I will first describe some basic commands for use through a terminal. However, many text editors or IDE’s now offer a way to use these basic commands through a guided user interface. For more advanced usage, there are even standalone graphical git clients and we will see some examples of graphical interfaces for Git later in this post.
To install Git, if it is not already installed in your system,
follow the instructions in this link:
https://git-scm.com/book/en/v2/Getting-Started-Installing-Git.
The first thing you need to do next is to go to a terminal (or command window in Windows) and enter the following lines, replacing the placeholder text with your full name and email address, to introduce yourself to Git:
git config --global user.name "Full Name"
git config --global user.email "demo@email.com"
Optionally, you can also set the default text editor to your favourite one. I use the terminal-based nano
git config --global core.editor "nano -w"
but you could also use a graphical editor such as Atom
git config --global core.editor "atom --wait"

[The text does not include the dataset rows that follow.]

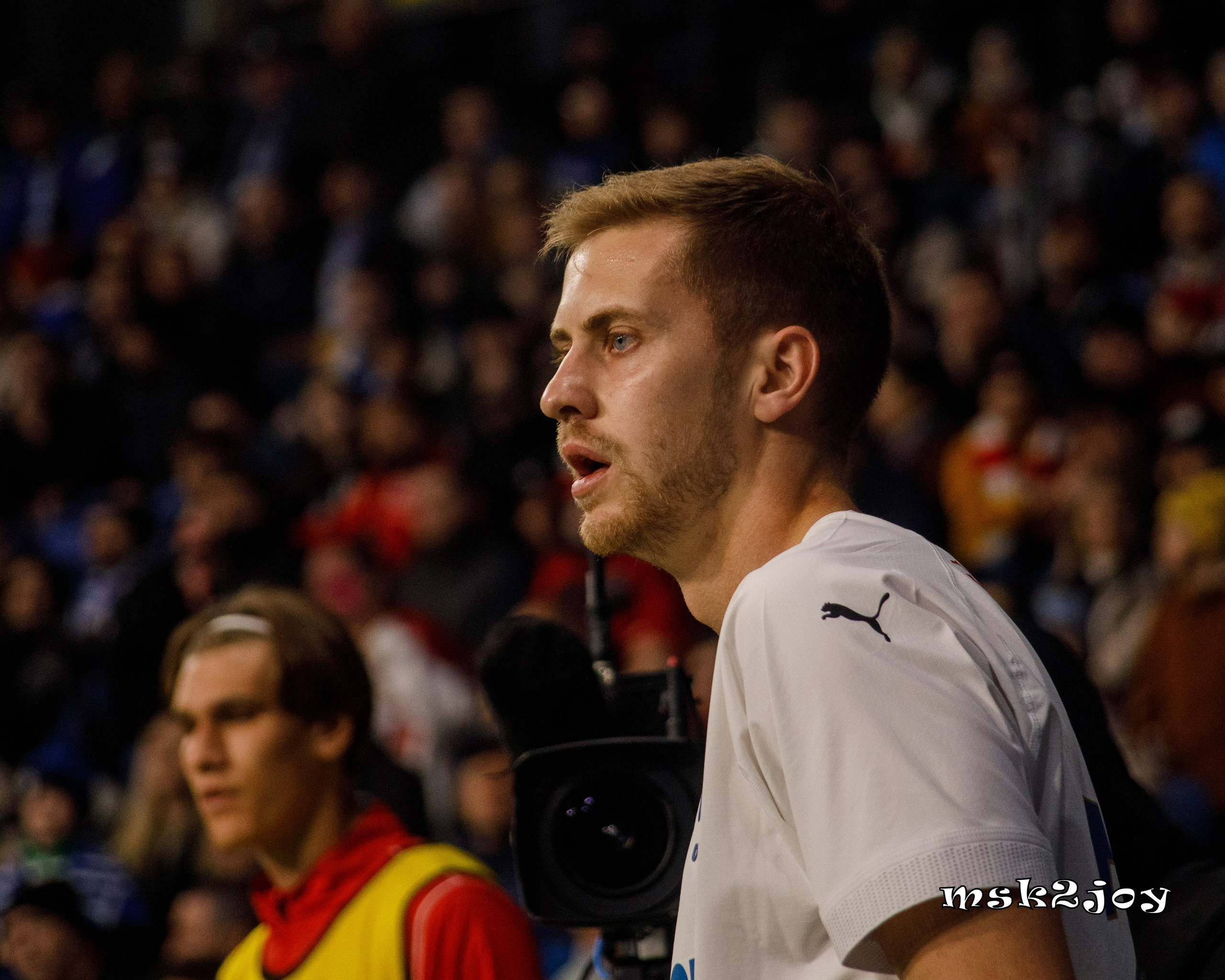 Полузащитник футбольного клуба Динамо Москва Даниил Фомин готовится подавать угловой. Фотограф - Михаил Тоцкий.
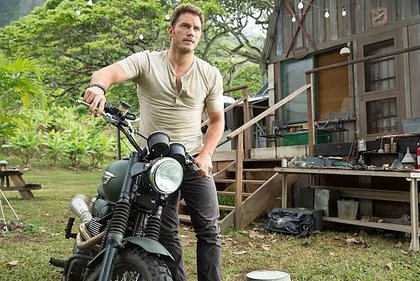 jurassic-park-4-photos-1-chris-pratt.jpg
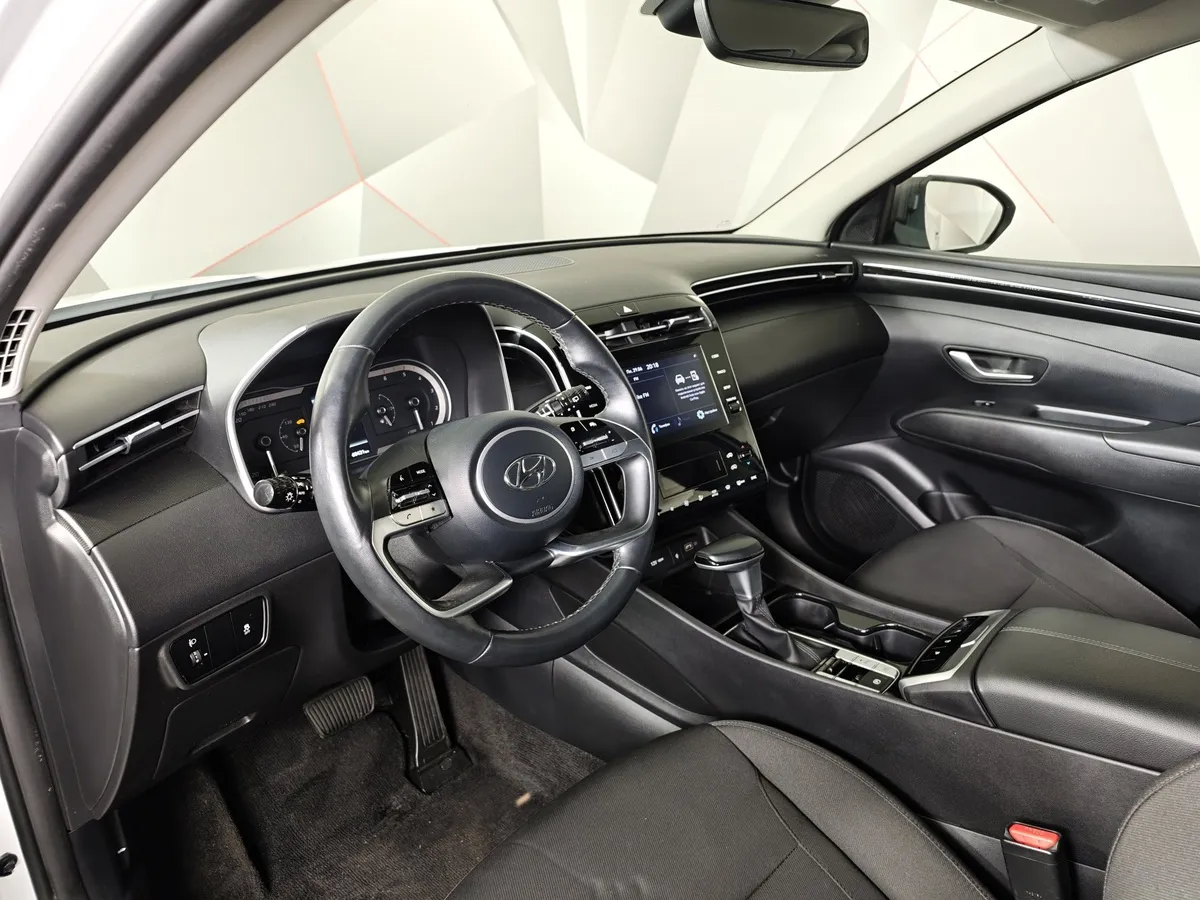 Hyundai Tucson D2.0 Smartstream 8AT 4WD (186 л.с.) Lifestyle Белый в АВИЛОН. Слайд №19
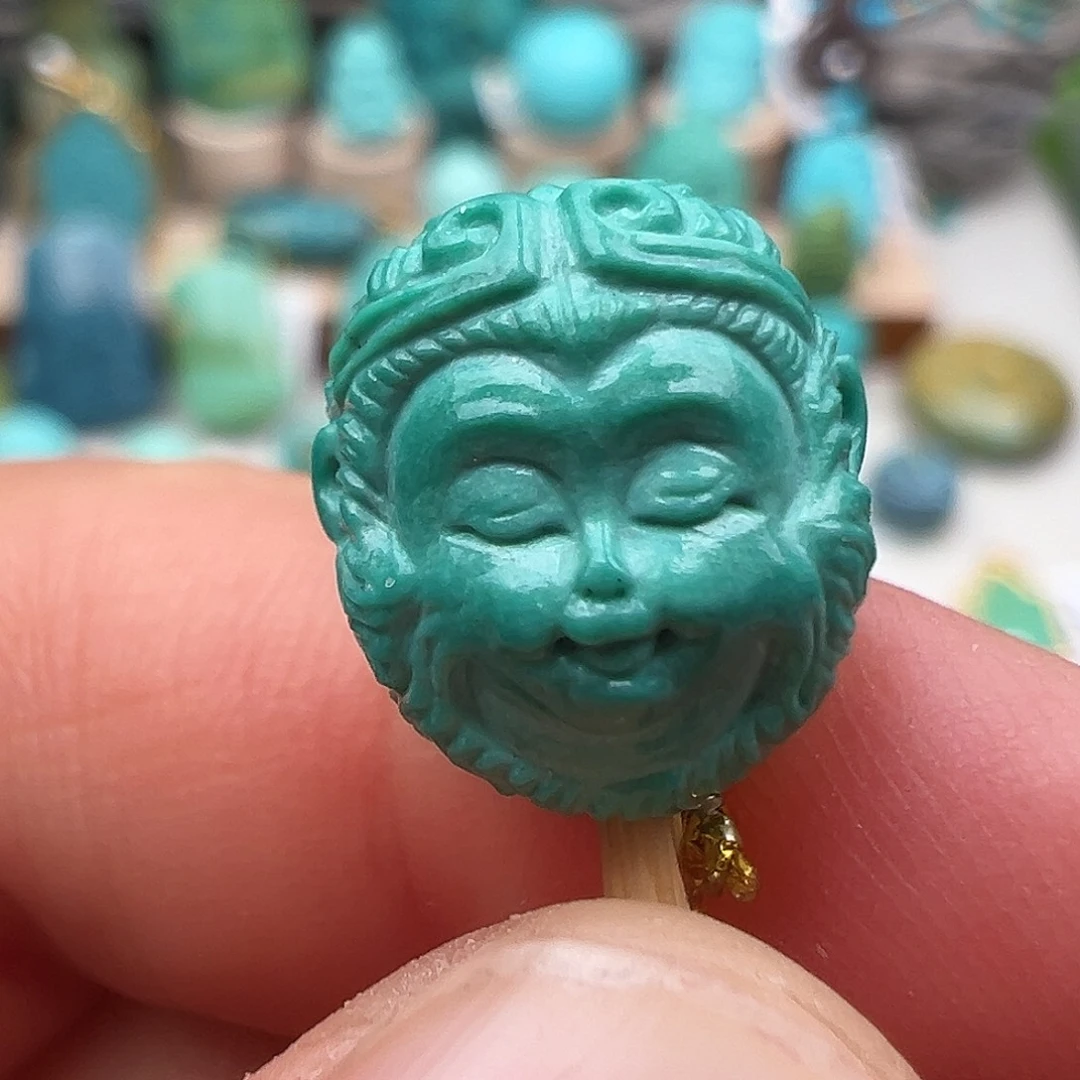 绿松石配饰未镶嵌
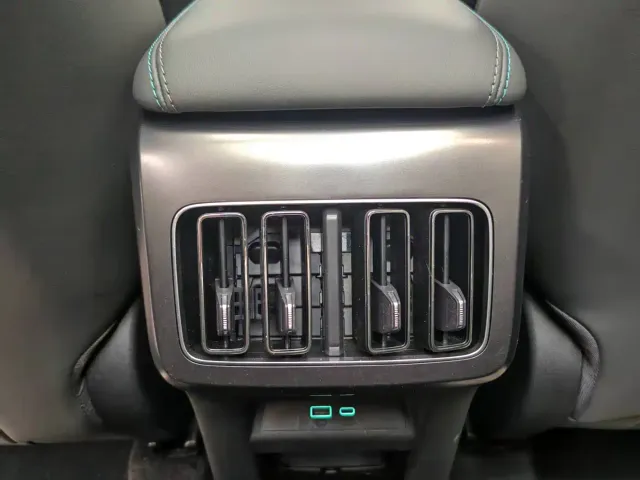 BYD Song L DM-i — Фото автомобиля 12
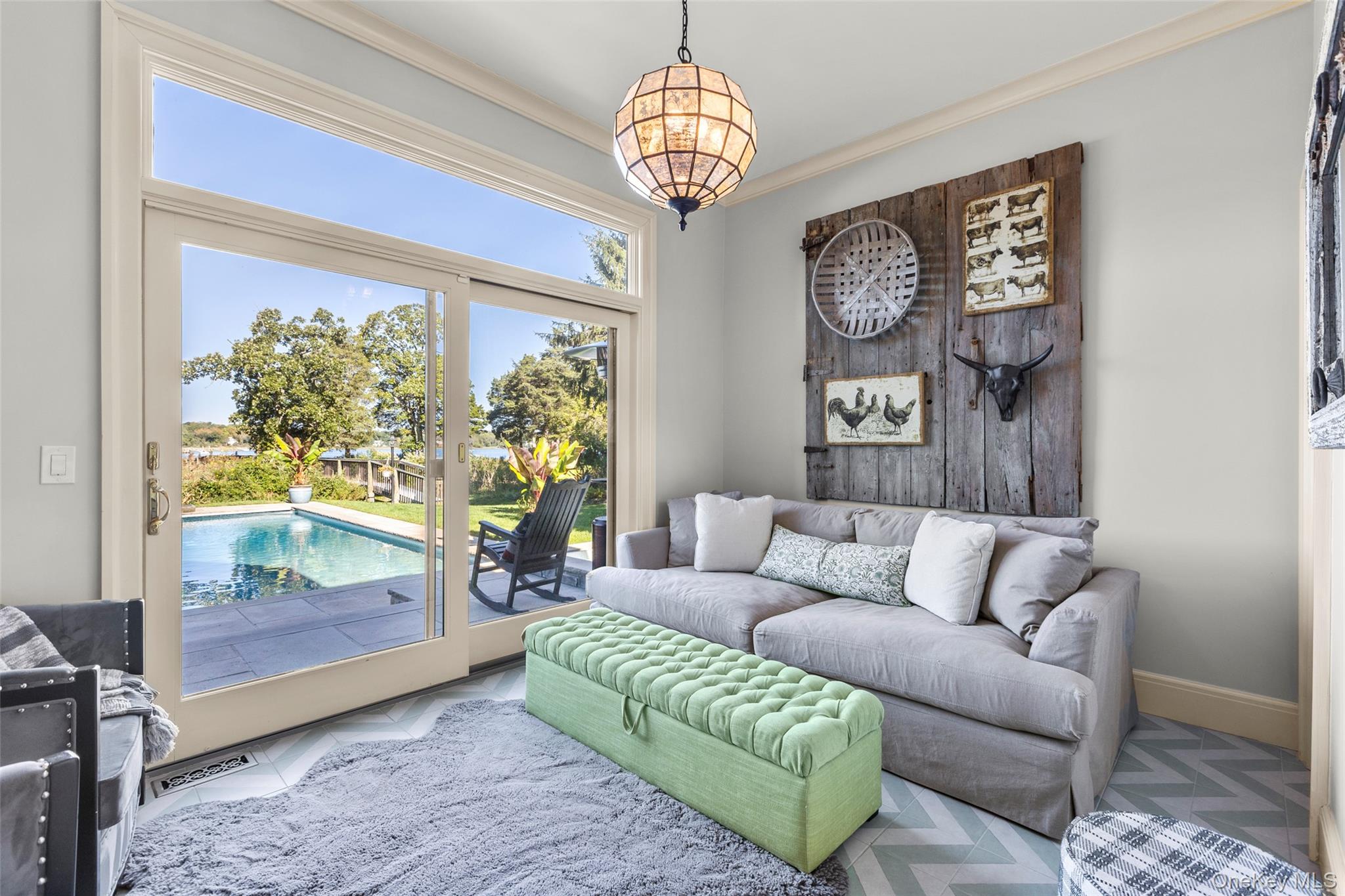 2 Pheasant Run, Setauket, NY 11733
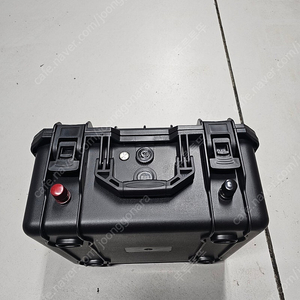 인산철 파워뱅크 (280Ah) 제품.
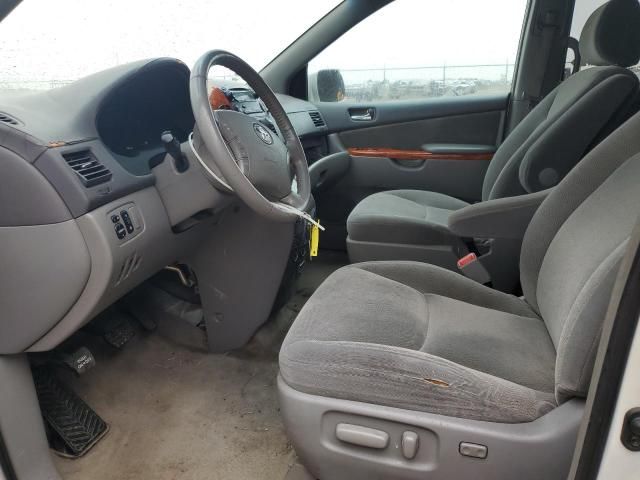 2006 Toyota Sienna XLE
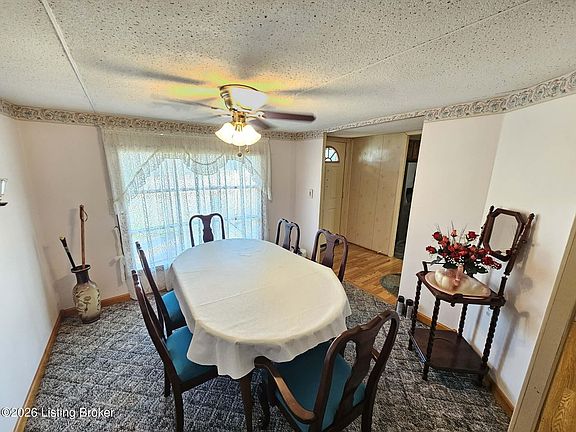 5th image of 481 Yorkshire Blvd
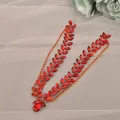 Eleganter handgefertigter Braut-Stirnschmuck mit roten Strasssteinen in Blattform - Rot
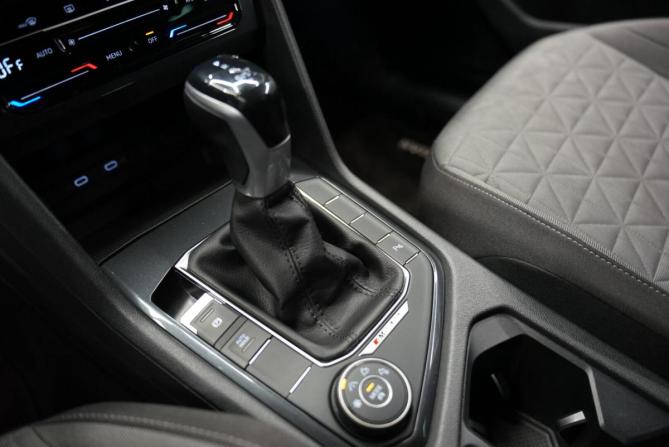 Volkswagen Tiguan II Рестайлинг с пробегом 2020 года, цена 3 399 000 рублей, 58890 км, внедорожник, Автокод Объявления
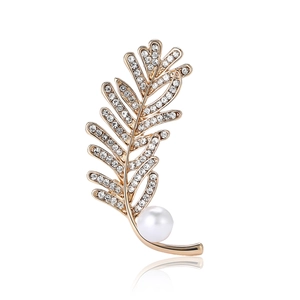 Élégante broche plume dorée avec cristaux et perle pour vestes et blazers femme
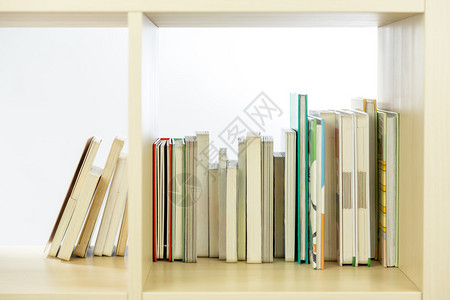 木制书柜里的一排书图片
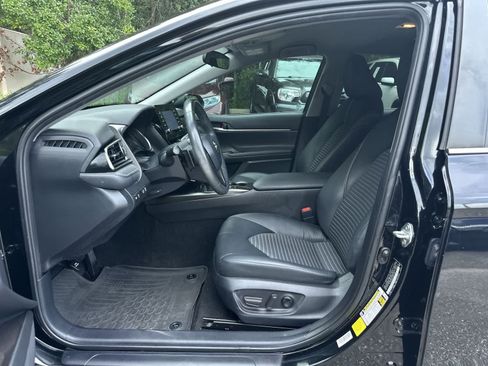 Used 2024 Toyota Camry SE FWD image 2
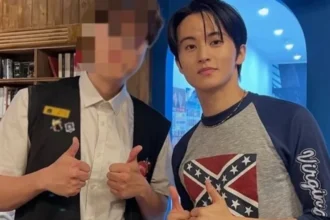 Mark dengan kaos yang mengundang kontroversi/ Foto: allkpop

You can find a list of configuration commands for some popular editors with a graphical user interface in https://swcarpentry.github.io/git-novice/02-setup/.
You only need to set these options once in every computer and they will be valid for all your repositories.
Git repositories are folders that you have instructed Git to track. You can achieve this for a folder like so:
mkdir git-demo # Create folder
cd git-demo # Move to that folder
git init # Tell Git to start watching this folder
## hint: Using 'master' as the name for the initial branch. This default branch name
## hint: is subject to change. To configure the initial branch name to use in all
## hint: of your new repositories, which will suppress this warning, call:
## hint:
## hint: git config --global init.defaultBranch <name>
## hint:
## hint: Names commonly chosen instead of 'master' are 'main', 'trunk' and
## hint: 'development'. The just-created branch can be renamed via this command:
## hint:
## hint: git branch -m <name>
## Initialized empty Git repository in /builds/neurathsboat.blog/posts/git-intro/git-intro/src/git-demo/.git/
Git has created a hidden folder called .git
inside git-demo
in which it will store all the files it needs to keep track of the repository.
ls -la
## total 12
## drwxr-xr-x 3 root root 4096 Jun 3 12:17 .
## drwxr-xr-x 3 root root 4096 Jun 3 12:17 ..
## drwxr-xr-x 7 root root 4096 Jun 3 12:17 .git
If you ever delete this hidden folder all info Git had on your repository will be gone. To check the status of our repository we can run the following line:
git status
## On branch master
##
## No commits yet
##
## nothing to commit (create/copy files and use "git add" to track)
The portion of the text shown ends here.